Experimental Norwegian (Bokmål) language model for Spacy (Including NER)

Project for training a NER and DEP tagger for Norwegian Bokmål. This repository is not properly cleaned up, more will be done later.

Originally trained for Nudge AS and their product Tagbox.ai (http://tagbox.ai/):

Original dataset (source): https://github.com/ltgoslo/norne

Installation

To install nb_core_news_sm package use this command:

pip install https://github.com/ohenrik/nb_news_ud_sm/raw/master/packaged_models/nb_core_sm_v2/nb_core_news_sm-1.0.0/dist/nb_core_news_sm-1.0.0.tar.gz

To install nb_ext_news_sm package use this command:

pip install https://github.com/ohenrik/nb_news_ud_sm/raw/master/packaged_models/nb_core_sm_v3/nb_ext_news_sm-1.0.0/dist/nb_ext_news_sm-1.0.0.tar.gz

Usage

import spacy
nb_core = spacy.load("nb_core_news_sm")
nb_ext = spacy.load("nb_ext_news_sm")

doc = nb_core("Det er kaldt på vinteren i Norge.")
doc = nb_ext("Det er kaldt på vinteren i Norge.")

Test results

Core:

"accuracy":{
  "uas":88.4345103245,
  "las":85.7621102149,
  "ents_p":84.9284928493,
  "ents_r":85.3982300885,
  "ents_f":85.1627137341,
  "tags_acc":95.5524581855,
  "token_acc":100.0
},

Extended:

"accuracy":{
  "uas":88.3348622496,
  "las":85.8077116563,
  "ents_p":82.2999470058,
  "ents_r":82.3872679045,
  "ents_f":82.3435843054,
  "tags_acc":95.7227138643,
  "token_acc":100.0
},

Core and Extended models

In the folder packaged_models there are two trained models. The first (v2) is trained on a simplified version of the original dataset, however the only difference is that combined tags (mostly GPE_LOC) are converted to only GPE. This model was named "core". This improved the test results from ≈0.83 to ≈0.85.

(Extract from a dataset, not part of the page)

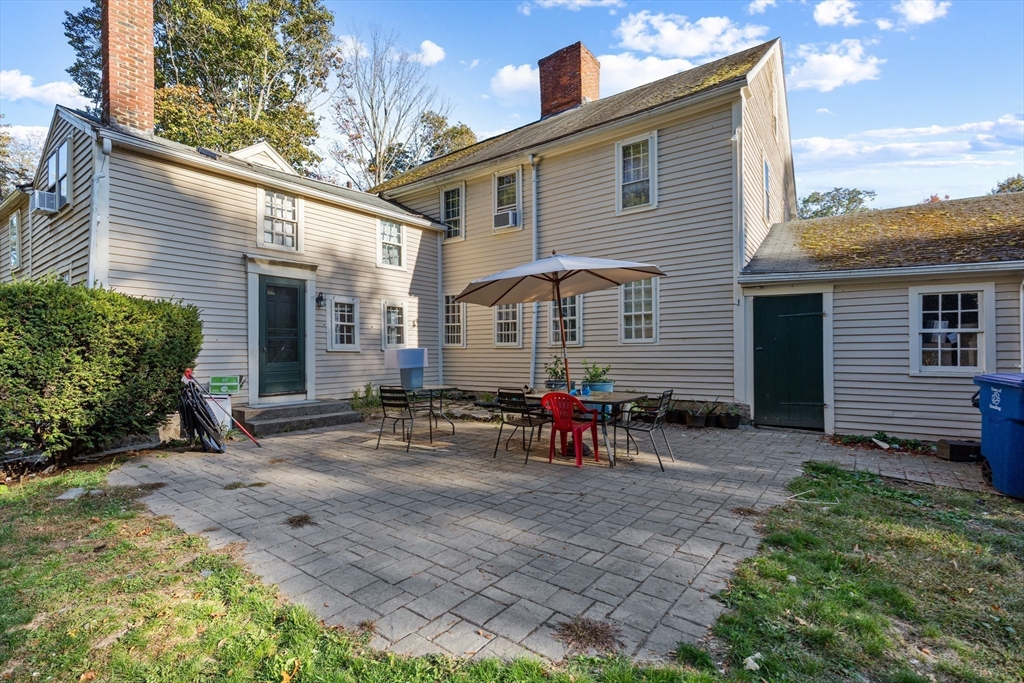 52 Salem Street Reading, MA 01867 - Photo 24 of 26 a view of a house with backyard and chairs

The second model V3 is trained on the original dataset. This model was named "ext". and performs a bit worse than the core model (0.83)

Re splitt dataset

The original dataset produced models that did not perform well during training and produced test results that where widely different from the cross validated results found during training on the dev set.

After respliting the combined original dataset into training, dev and test, the model performed better and gave significantly better test results that also resembled the results achieved during training.

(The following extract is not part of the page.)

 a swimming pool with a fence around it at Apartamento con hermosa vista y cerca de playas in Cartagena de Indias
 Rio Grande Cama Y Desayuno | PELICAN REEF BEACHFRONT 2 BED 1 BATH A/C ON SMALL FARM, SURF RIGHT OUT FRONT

Conversion from conllu+bio files:

python -m spacy convert /path/to/project/original_data/no-ud-dev-ner.conllu /path/to/project/original_data/json_results --converter=conllubio -m

python -m spacy convert /path/to/project/original_data/no-ud-test-ner.conllu /path/to/project/original_data/json_results --converter=conllubio -m

python -m spacy convert /path/to/project/original_data/no-ud-train-ner.conllu /path/to/project/original_data/json_results --converter=conllubio -m

Training the entity and dependency parsing

python -m spacy train nb model_out2 ner_data/no-ud-train-ner.json ner_data/no-ud-dev-ner.json --use-gpu=0 -n 10

Completed packages

The package nb_core_news_sm-1.0.0 is based on model_out8/model14 and has converted GPE_LOC and GPE_ORG etc to just GPE.

The package nb_ext_news_sm-1.0.0 is based on model_out10/model42 and is based on the original dataset.

Cuda environment variables

export CUDA_HOME=/usr/local/cuda
export PATH=${CUDA_HOME}/bin:${PATH}
export LD_LIBRARY_PATH=${CUDA_HOME}/lib64:$LD_LIBRARY_PATH